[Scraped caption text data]
=== Begin Enclosure ===

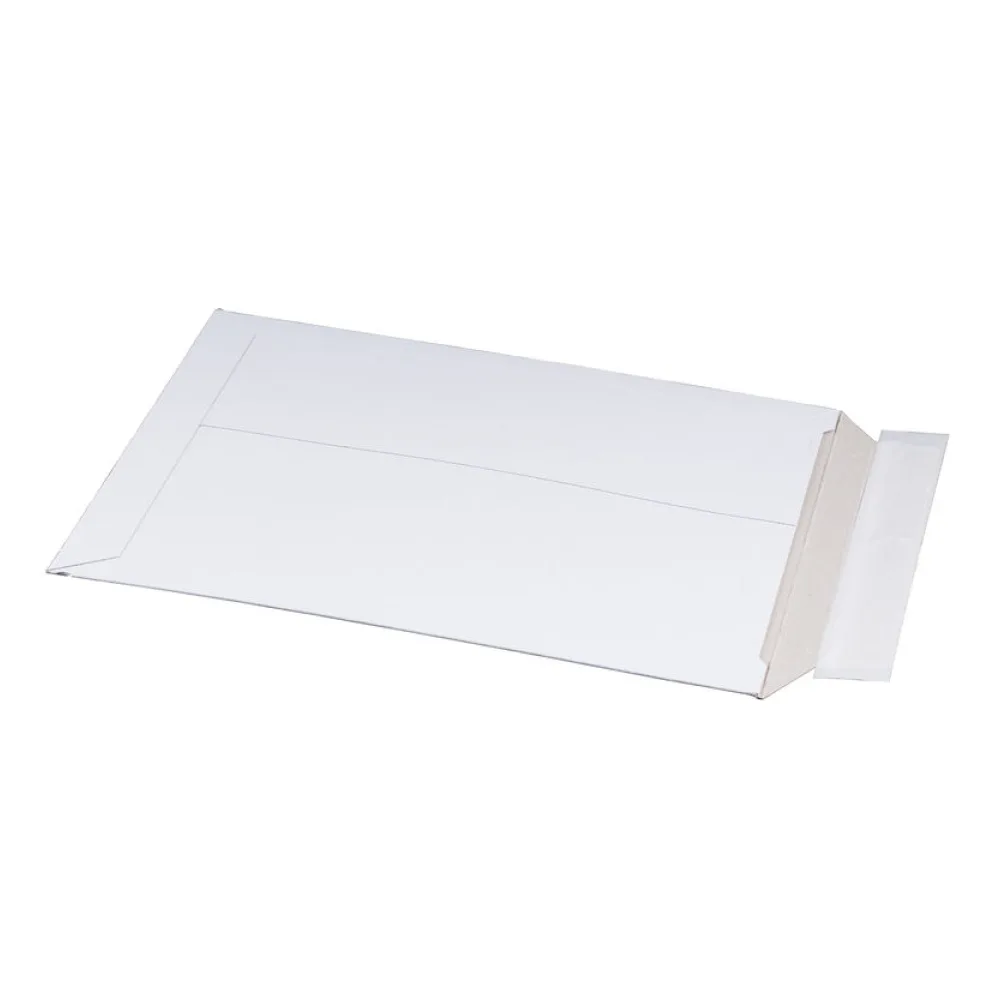 Vollpappe-Versandtasche 235x308mm stabile Vollpappe Selbstklebeverschluss A4 weiß – Bild 2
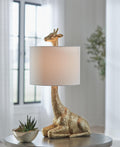 Ferrison Poly Table Lamp (1/CN) - Gold Finish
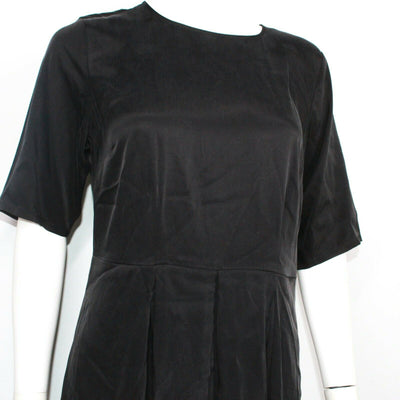 New: GOOP x Universal Standard Dress Black Flowy Maxi High Low US XXS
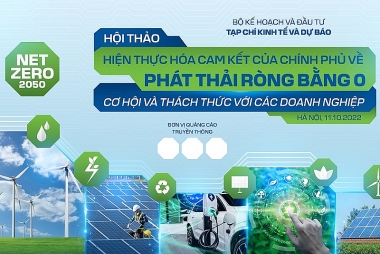 Sắp diễn ra Hội thảo “Hiện thực hóa cam kết của Chính phủ đưa phát thải ròng về 0: Cơ hội và thách thức với các doanh nghiệp”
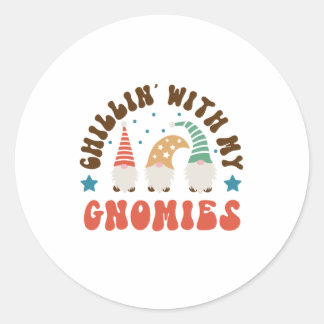 Kerstcadeau met mijn gnomen ronde sticker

=== End Enclosure ===

The task:
Your task is to restate every record word for word. Omit all pictures.

Response to the task:
 Vollpappe-Versandtasche 235x308mm stabile Vollpappe Selbstklebeverschluss A4 weiß – Bild 2
 Ferrison Poly Table Lamp (1/CN) - Gold Finish
 New: GOOP x Universal Standard Dress Black Flowy Maxi High Low US XXS
 Sắp diễn ra Hội thảo “Hiện thực hóa cam kết của Chính phủ đưa phát thải ròng về 0: Cơ hội và thách thức với các doanh nghiệp”
 Kerstcadeau met mijn gnomen ronde sticker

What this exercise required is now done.